Il est des lieux d'inépuisable gratuité, où l'amour se donne et s'échange dans une présence et un temps qui ne se comptent pas, sinon en tendresse. Elle seule a raison de l'apparente fixité du regard et de la posture figée de l'autre. Une indicible joie s'y recueille et nourrit une patience tenace : jour après jour, geste après geste, cette présence attentive fait de l'absence apparente une source de vie, de relation gratuite et pleine de sens, un avenir imprévisible fait d'amour et d'engagement libre. Ainsi en témoignent beaucoup de ceux qui accompagnent dans la durée, chez eux ou ailleurs, de si nombreuses personnes touchées par la maladie d'Alzheimer.

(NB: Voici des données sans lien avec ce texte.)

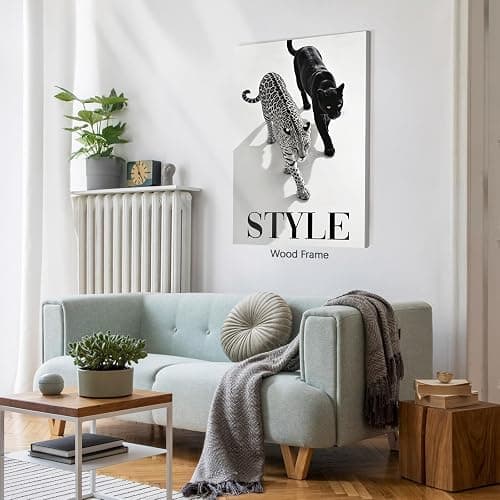 Framed Canvas Wall Art Poster Trendy Cheetah Prints Fashion Black and White Leopard Painting 12x16inch Funny Animal Pictures Preppy Room Decor Aesthetic for Office Dorm Bedroom thumbnail 6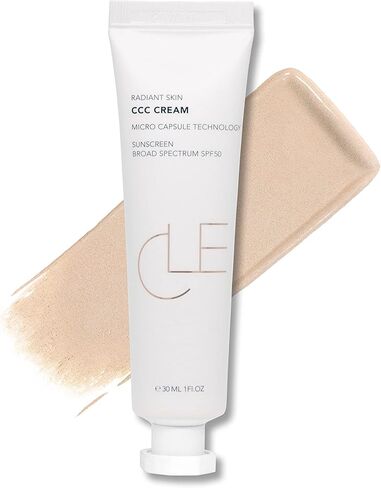 CLE Cosmetics CCC Cream (Neutral Fair 101 / SPF 50) - Color Correcting CC Cream with Sunscreen - Lightweight, Hydrating, Light to Medium Coverage Foundation - BB & CC Cream Hybrid - 1 fl oz in Kuwait
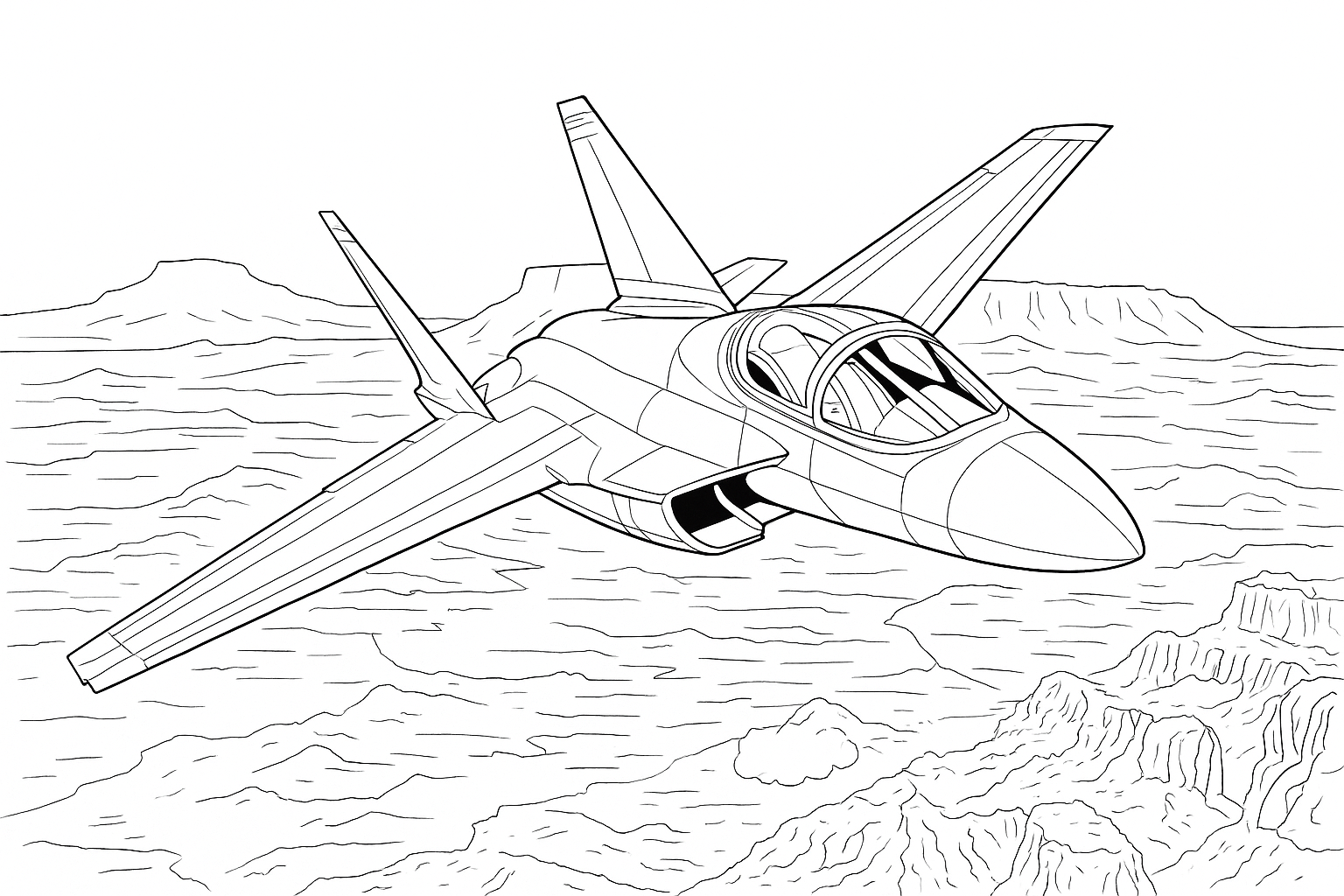Coloring page of Military Jet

A la différence d'autres accompagnements, on n'y est pas stimulé par une transformation, un mieux, une croissance dans la communication ou la santé, mais tout au plus un ralentissement de l'enfermement sur soi. Pourtant là, dans la gratuité d'une présence aussi mystérieusement féconde que nécessaire, ne cessent de naître la foi qui la nourrit et la bonté qu'elle révèle. Chaque fois que se noueune telle relation, se réaffirme la dignité de chaque personne, surpassant toute parole ou échange, toute infirmité et toute paralysie.
Quand le langage se fait simple geste, simple présence qui n'éveille plus ni parole ni réaction dans le corps de l'autre, seul demeure le geste d'amour, la certitude que là, dans cette gratuité totale et sans retour, se dit la foi en une relation qui traverse l'absence et passe le silence et la mort. Inséparable de la bonté et de l'amour qui la portent.
A l'image de Marie, de Jean, du centurion présents sous la Croix, l'humanité de l'homme renaît et ressuscite ici, dans ce don de soi et cet abandon mutuels et silencieux. C'est la vie dans ce qu'elle a d'éternel qui s'écoule et se répand là, dans la gratuité d'une blessure irréparable et pourtant bienheureuse. Une fontaine d'eau vive qui féconde et tisse des liens nouveaux et fraternels, aux avenirs imprévisibles.